Le terme d’entreprise sociale ne signifie pas la même chose aux États-Unis et en Europe; tant d’un point de vue historique que conceptuel. Aux USA, le social business désigne une activité propre à certaines entreprises capitalistes s’engageant dans des activités socialement bénéfiques, moyennant un risque financier calculé. Tel est le sens du programme Ashoka initié par Bill Dayton et du concept récent de Venture Philanthropie: il s’agit d’investir dans des projets qui deviendront ensuite rentables. Au contraire, dans les entreprises sociales inscrites dans la filiation de l’économie sociale et solidaire qui se positionne à la fois comme a-capitaliste et autonome vis à vis de l’État, il y a initialement une volonté de mettre en œuvre un projet commun sans que le profit ne constitue la visée de base. L’homme prime sur le capital. Et une conception démocratique de la gouvernance est revendiquée.

Aux États-Unis, le social business provient donc plutôt d’une tradition de la charité?

En effet! La philanthropie est particulièrement forte aux États-Unis où traditionnellement la Charity joue un rôle très important dans l’aide aux plus démunis, souvent à la place de l’État. Toutefois, les nouveaux philanthropes, comme Gates, Buffet ou Myers, critiquent les philanthropes traditionnels qui ne seraient pas suffisamment impliqués sur le terrain et peu efficaces. Mais on assiste aussi à un glissement dans la conception de la charité, et au passage de la philanthropie pure à la recherche de rentabilité. Telle est la spécificité du social business qui marque donc une rupture avec la conception traditionnelle de la philanthropie: aider les pauvres doit générer un profit pour l’entreprise. Pour ce, on applique des méthodes qui ont fait leur preuve. On parle sans ambigüité de social return on investissement.
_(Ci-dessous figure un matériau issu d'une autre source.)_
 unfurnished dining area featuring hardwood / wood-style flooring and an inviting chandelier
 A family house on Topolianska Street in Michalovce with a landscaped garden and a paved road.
Dans le social, est-ce donc la seule manière d’être rentable?

Non pas du tout. Les entreprises sociales de l’économie sociale et solidaire interviennent dans différents secteurs d’activité et se caractérisent davantage par leur fonctionnement (social et solidaire) et une mission d’intérêt collectif entendu au sens large du terme: leurs valeurs ne s’incarnent pas nécessairement sur l’aide aux plus défavorisés, objectif qui devrait revenir prioritairement à l’État. Ces entreprises non axées sur la rentabilité à tout prix mais organisées autour d’un projet collectif et d’une mission sociale, sont plus aptes que les autres à fédérer les synergies des employés qui, dans ce genre d’entreprises, participent aux décisions indépendamment du capital investi. Les études en la matière montrent que les entreprises sociales, soucieuses de promouvoir leurs valeurs en interne à travers l’écart modéré entre les salaires, la promotion de l’égalité hommes-femmes, la participation, sont moins sujettes à l’absentéisme, au turn-over et au burn-out de plus en plus déplorés dans certaines entreprises classiques. Paradoxalement, c’est parce que le critère de rentabilité n’est pas explicitement recherché que les employés sont plus efficaces car plus engagés au cœur de leurs organisations dont ils partagent les valeurs au-delà d’une adhésion un peu fictive à une charte dite éthique ou de bonne conduite.